Since version 3, Sphinx has become proprietary, with a promise to release its source code in the future

==Sphinx use examples==
- Craigslist.org
- Tradebit.com
- vBulletin.com
- MediaWiki extension
- Boardreader.com
- OMBE.com
- Limundo.com

==Feature list==
- Batch and incremental (soft real-time) full-text indexing.
- Support for non-text attributes (scalars, strings, sets, JSON).
- Direct indexing of SQL databases. Native support for MySQL, MariaDB, PostgreSQL, MSSQL, plus ODBC connectivity.
- XML document indexing support.
- Distributed searching support out-of-the-box.
- Integration via access APIs.
- SQL-like syntax support via MySQL protocol (since 0.9.9)
- Full-text searching syntax.
- Database-like result set processing.
- Relevance ranking utilizing additional factors besides standard BM25.
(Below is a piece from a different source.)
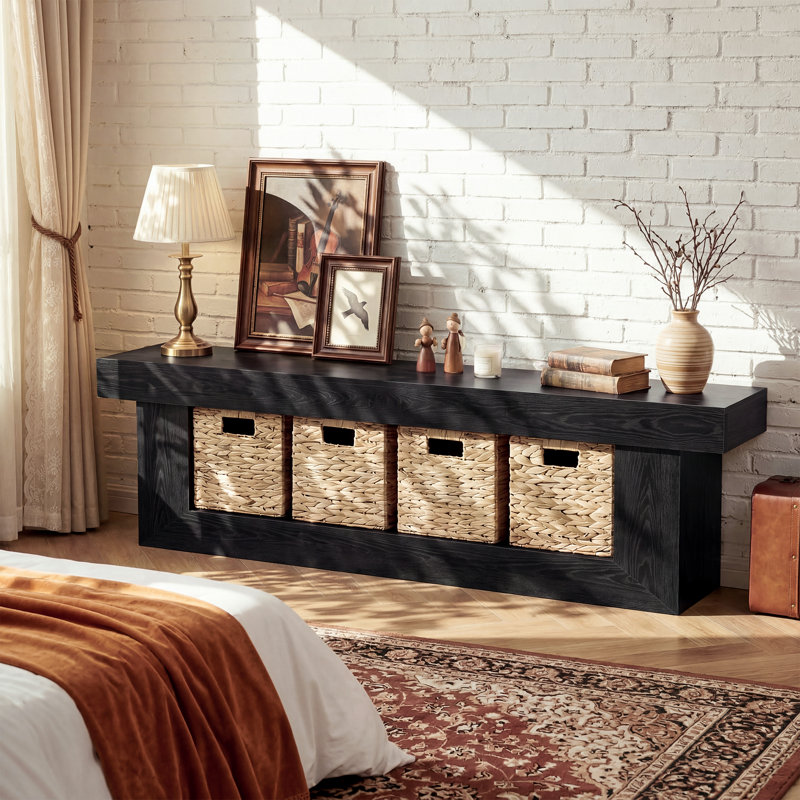 Meuble télé 63 po avec paniers de rangement, centre de divertissement en bois pour téléviseur 55/60/65 po, Black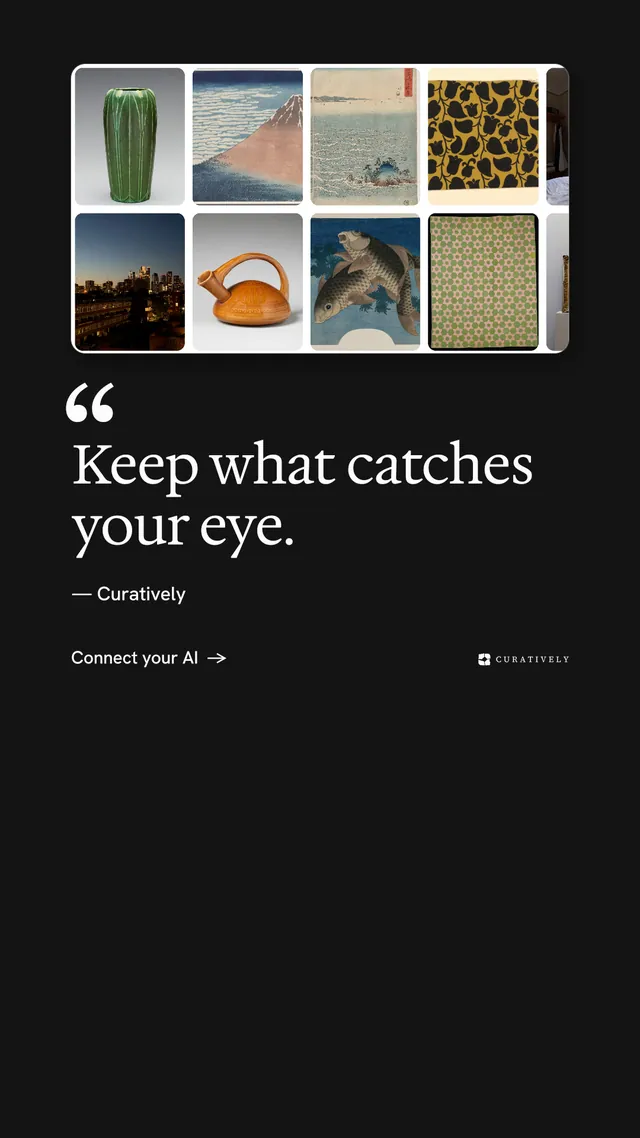 Instagram story for Curatively: "All of it, in one grid." Minimal luxury style, quote layout, dark palette in black, grey.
- Text processing support for SBCS and UTF-8 encodings, stopwords, indexing of words known not to appear in the database ("hitless"), stemming, word forms, tokenizing exceptions, and "blended characters" (dual-indexing as both a real character and a word separator).
- Supports UDF (since 2.0.1).

== Performance and scalability ==
- Indexing speed of up to 10-15 MB/sec per core and HDD.
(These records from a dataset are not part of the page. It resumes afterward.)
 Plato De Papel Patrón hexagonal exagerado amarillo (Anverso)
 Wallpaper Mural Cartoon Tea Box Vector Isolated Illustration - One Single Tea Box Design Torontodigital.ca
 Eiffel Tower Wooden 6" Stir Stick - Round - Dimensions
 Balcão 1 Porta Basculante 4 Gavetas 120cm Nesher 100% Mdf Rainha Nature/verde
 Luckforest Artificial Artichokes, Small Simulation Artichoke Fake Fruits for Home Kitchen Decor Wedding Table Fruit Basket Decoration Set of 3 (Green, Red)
- Searching speed of over 500 queries/sec against 1,000,000 document/1.2 GB collection using a 2-core desktop system with 2 GB of RAM.
- The biggest known installation using Sphinx, Boardreader.com, indexes 16 billion documents.
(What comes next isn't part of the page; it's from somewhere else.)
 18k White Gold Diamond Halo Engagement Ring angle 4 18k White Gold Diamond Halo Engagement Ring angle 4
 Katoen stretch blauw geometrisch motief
- The busiest known installation, Craigslist, serves over 300,000,000 queries/day and more than 50 billion page views/month.

== Fork ==
In 2017, key members of the original Sphinx team forked the project under the name Manticore, with the intention of fixing bugs and developing new features. Unlike Sphinx, Manticore continues to be released as open source under version 3 of the GPL.